**What needs to be done:** Only the lines from the line containing "Gazze'nin Han Yunus" to the end of the entries, both included, belong in your answer, and each must match exactly.

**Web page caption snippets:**
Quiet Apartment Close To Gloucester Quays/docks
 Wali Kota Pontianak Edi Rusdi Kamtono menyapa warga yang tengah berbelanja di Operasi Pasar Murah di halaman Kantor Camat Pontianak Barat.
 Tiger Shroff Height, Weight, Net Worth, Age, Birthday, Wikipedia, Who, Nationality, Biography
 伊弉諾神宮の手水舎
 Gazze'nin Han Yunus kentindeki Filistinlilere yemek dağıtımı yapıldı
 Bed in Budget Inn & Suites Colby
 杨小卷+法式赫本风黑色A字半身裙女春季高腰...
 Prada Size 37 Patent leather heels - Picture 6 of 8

**Solution:**
 Gazze'nin Han Yunus kentindeki Filistinlilere yemek dağıtımı yapıldı
 Bed in Budget Inn & Suites Colby
 杨小卷+法式赫本风黑色A字半身裙女春季高腰...
 Prada Size 37 Patent leather heels - Picture 6 of 8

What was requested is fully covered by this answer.